Golf courses could close due to Ottawa over-expansion
Residential developers' eyes light up at chance to build around or over struggling courses
Some golf courses in the Ottawa area could close due to over-expansion and a sharp drop in people embracing the sport, according to a national golf organization.
There are currently six golf courses up for sale in the National Capital Region, CBC News has learned.
This comes as the number of courses in Ottawa has steadily increased over the last few years, according to Jeff Calderwood, CEO of the National Golf Course Owners Association in Canada.
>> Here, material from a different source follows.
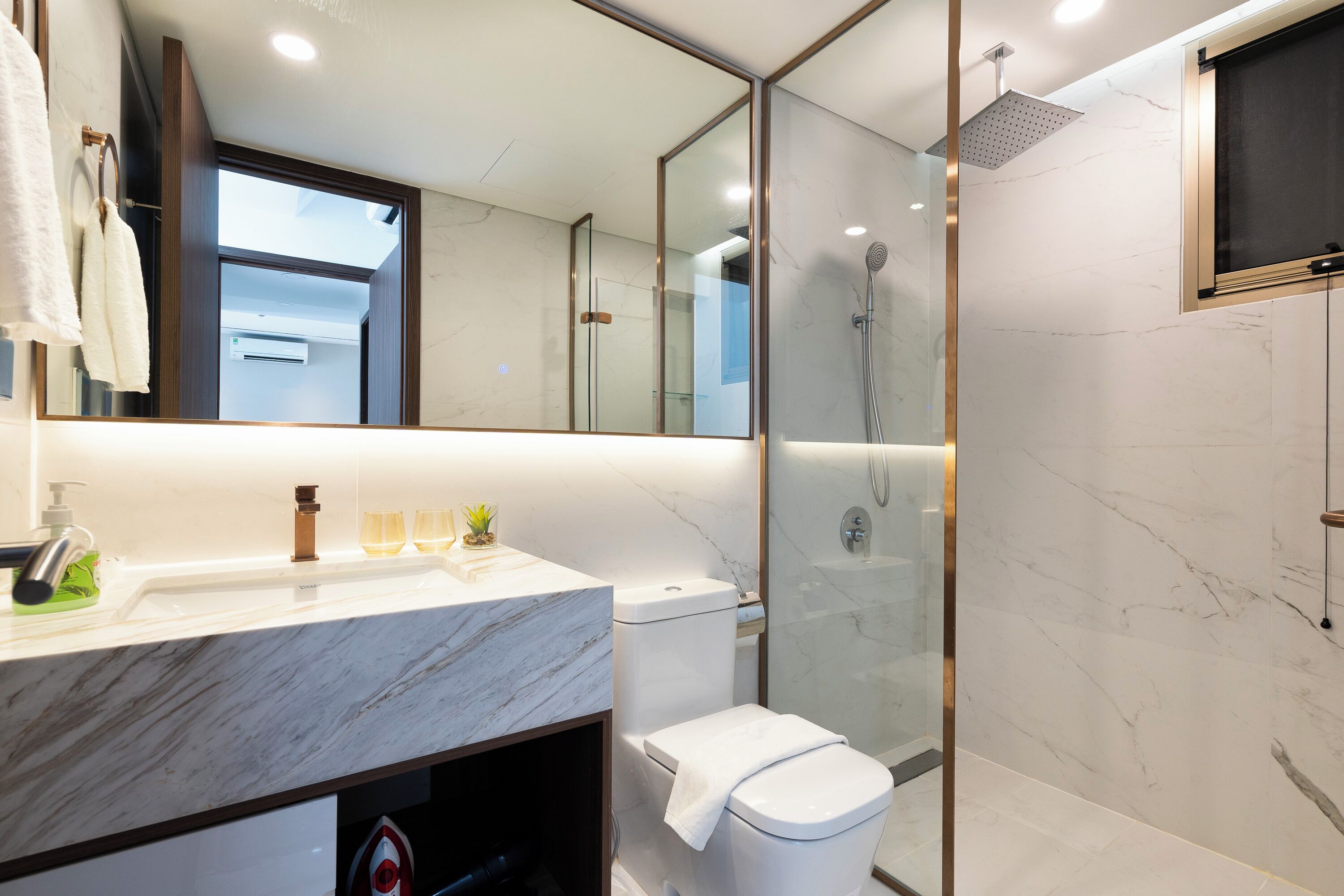 Un baño moderno con un lavabo de mármol, inodoro, ducha con mampara de vidrio y un espejo grande.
Calderwood, whose group represents more than 1,300 golf courses across Canada, said he expects some local courses will close but not many due to over-expansion. It is something facing courses across North America ever since the recession in late 2008, he added, creating a golfer's paradise.
But the grass isn't very green for golf club owners such as Owen Severn who runs the The Rideau Glen Golf Club in Kemptville.
Baby boomers provide hope for resurgence
He has seen the jump over his 20 years with the Glen, first built in 1929, and now smaller courses are fighting against the larger clubs run by chains such as Clublink.
"People will tell you, if you're looking to invest in something, don't buy a restaurant or a golf course," Severn said with a laugh.
"I've heard over a large number of years that there's more golfing holes per population in Ottawa than anywhere else except South Carolina."
Some golf course operators are clinging to the hope baby boomers will create a new wave of avid golfers, but the "for sale" signs at area courses are sparking the interest of residential developers.
Golf clubs becoming developments
As often happens in the US near major courses, developers are looking to build golf communities where a course becomes the centrepiece of a residential neighbourhood.
In 2012, Canadian-owned League Financial Partners bought Club de Golf Tecumseh in Gatineau, which also opened in 1929.
Adam Gant, League's CEO, said he plans to scale back the course for a new home development, adding the fairways and greens could be completely overtaken by homes in 15 years.
That idea has perked the ear of Manderley on the Green general manager and head professional, Greg Chambers. He said times have changed and the course has seen a rapid increase in competition.
"We used to have nobody around us within 50 kilometres, now we have two (other courses) within 15 kilometres. It's a lot tougher, it's definitely over-saturated," he said.
"In the early 2000s we could fill two courses for the amount of people that were coming out here."
Manderley has offered free golf days to entice players in an attempt to make up the revenue through cart rentals, plus food and beverages.
Other golf courses have offered discounts on fees, memberships or added extra services to a round of golf seeking new regulars.